Marketing has always been important but Covid-19 has served to put the focus on marketing as a business activity like never before.
And by this, we don’t mean which advertising method or digital channel to choose, because this Covid-market shake-out is a lot more fundamental than that.
For many business owners, their traditional market has gone completely or their customers have become a lot more discerning due to abrupt unemployment or a fear of the economic future now facing New Zealand.
It’s a frightening time as a business owner, but it’s one that we have to accept and adapt to, if we are to stay relevant and to survive.
As business owners, it’s important to take stock of the ‘new normal’ as quickly as possible, to really understand what it is that your customers are buying from you (what feelings or emotions are they tapping into), and to have the courage to reset your business based on new market conditions should you need to.
What that means is getting close to your clients and customers, understanding their motivators and determining what they are seeking from you at a fundamental level.
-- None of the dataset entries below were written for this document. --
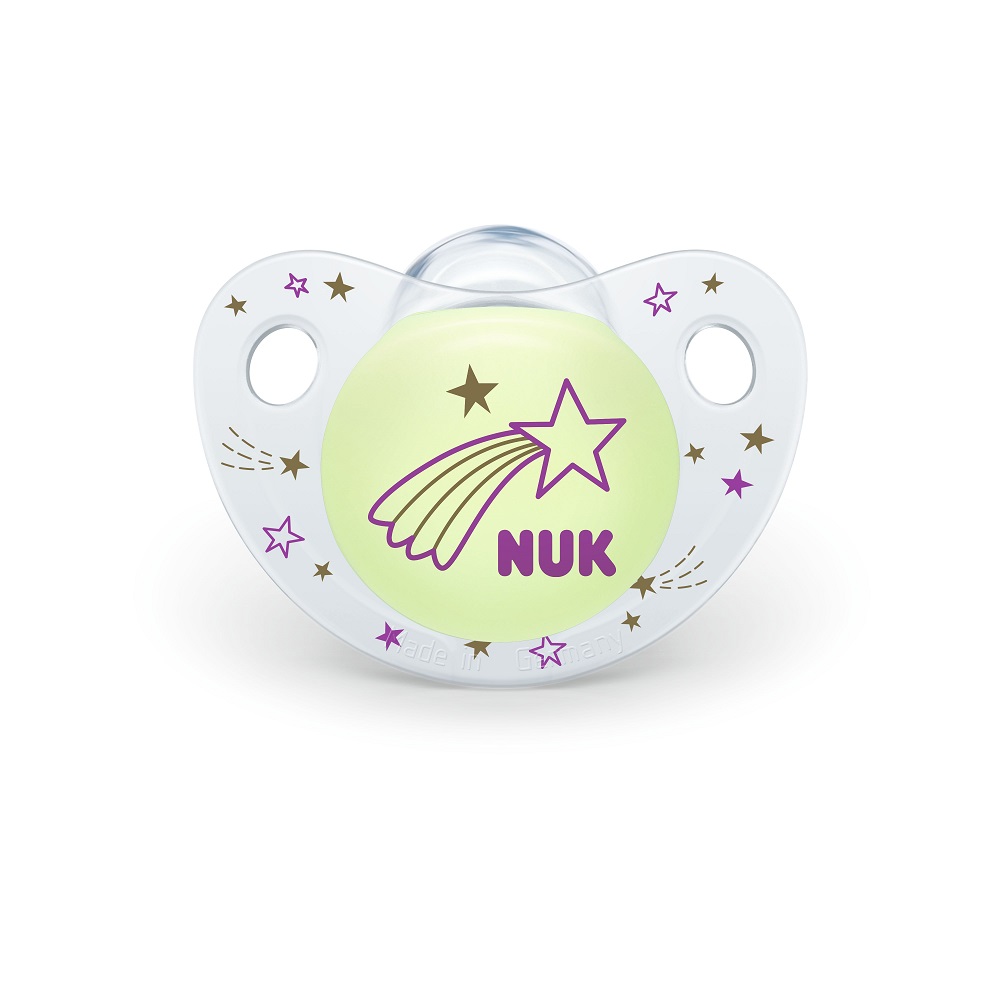 Suzeta NUK Night & Day Cometa Mov 18-36 luni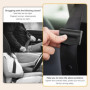 2PCS Ajusteur De Ceinture De SéCurité De Voiture,pince ceinture de sécurité voiture,Clip de RéGlage ceinture de sécurité de voit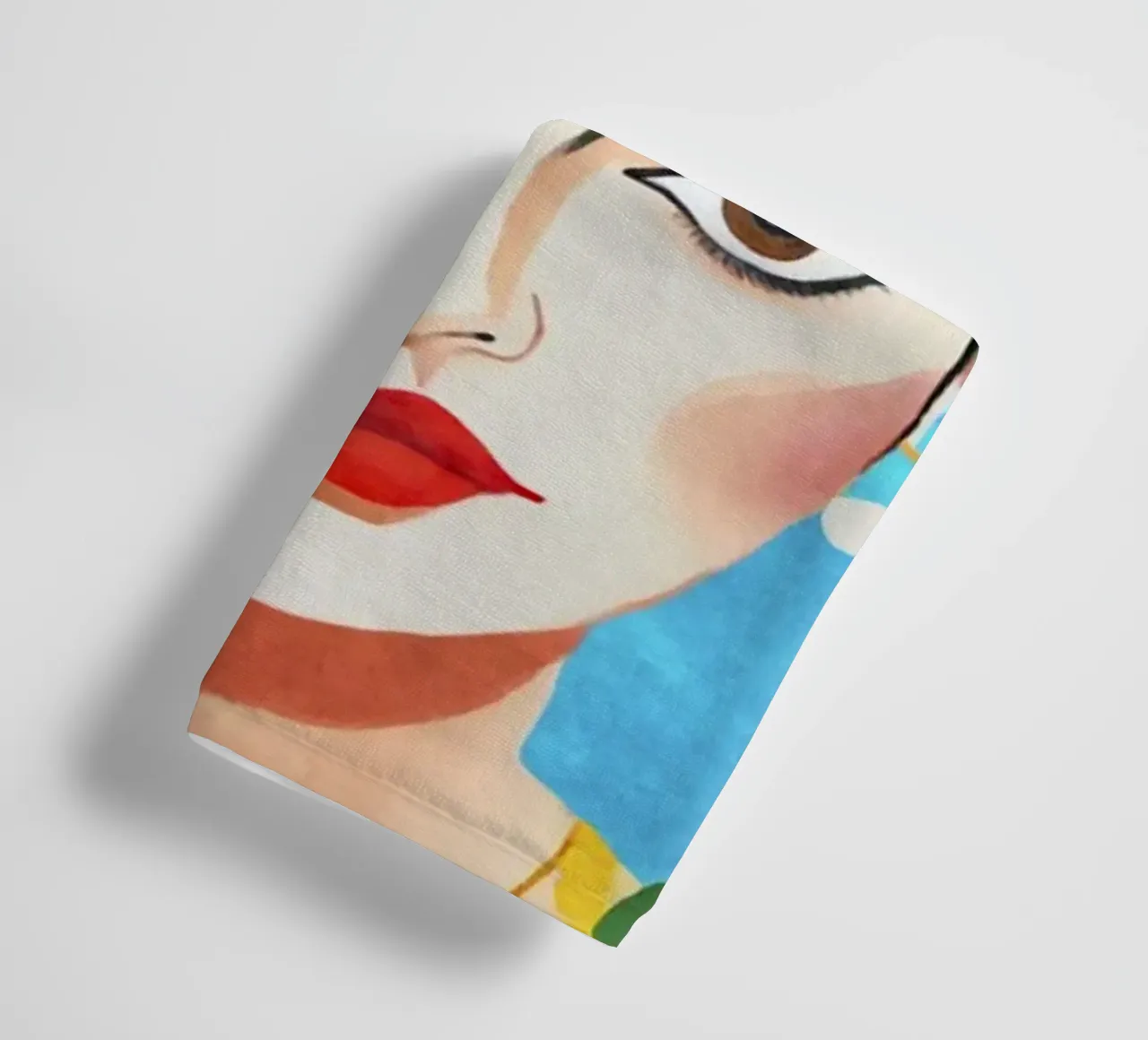 Blooms of Resilience Portrait of Artistic Courage towel by Andrea Haase Modern Home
It could be as simple as doing a post Covid-survey or undertaking a facilitated Marketing Plan that drills into these questions.
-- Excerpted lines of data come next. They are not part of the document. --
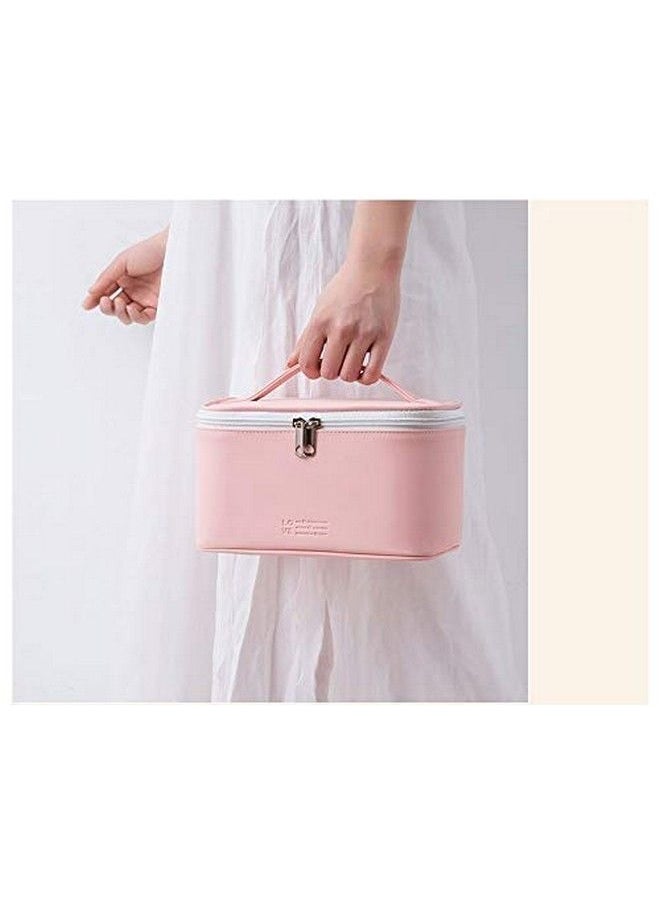 Breewell Makeup Bag For Zipper Beauty Travel Bag Gift Organizer For Girls Women Faux Leather Washable Waterproof  - Image 5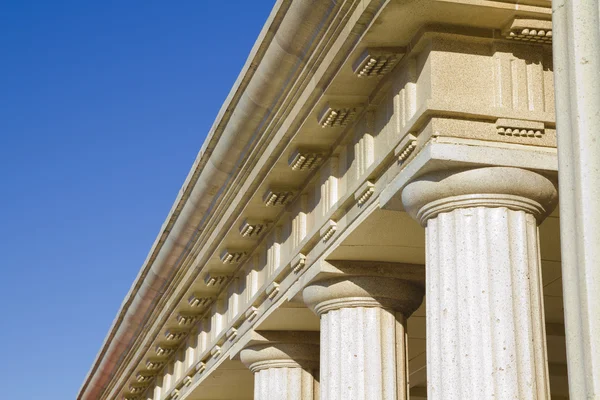 Detail of classical columns — Stock Photo, Image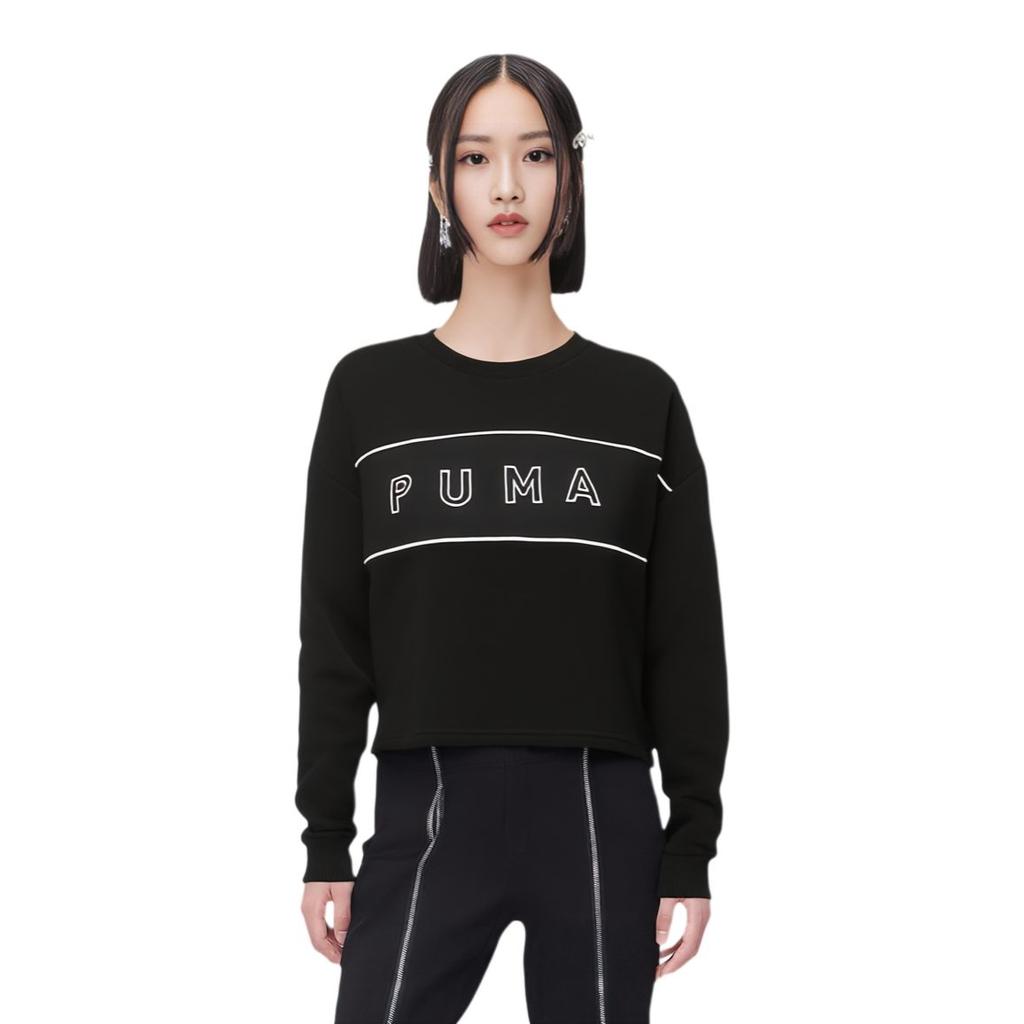 PUMA Style Logo Sweatshirt Women's Black 587163-01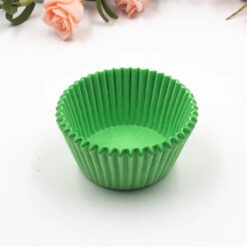 Muffin Formen Standart, grün, 1 Beutel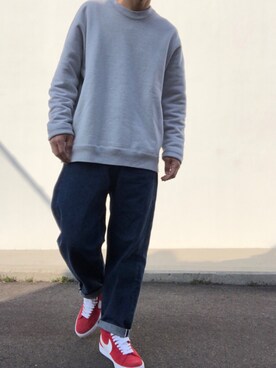 「AUGUSTE PRESENTATION（オーギュストプレゼンテーション）のアイテム（トップス）」を使った、hellocoordinateさん（メンズ・170cm）の春コーディネート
The answers might not be what you think, but the insight provided may open up new business opportunities.
Marketing has been, and will always be, about the market itself i.e. who is buying what you sell, what are their motivators to choose you over all others, and will they continue to buy from you at a price that makes it both profitable and sustainable for your business.
Yes, advertising messages and digital channels are important, but relevance to your market is first and foremost. Once you understand your relevance and your customers, and can deliver what they want sustainably and profitably, then you can create your advertising messages and choose your channels accordingly.
Get the basics wrong though, and it won’t matter how good your creative and channel selection are, because the message will be falling on deaf ears.
The moral of the story: Marketing first; advertising second.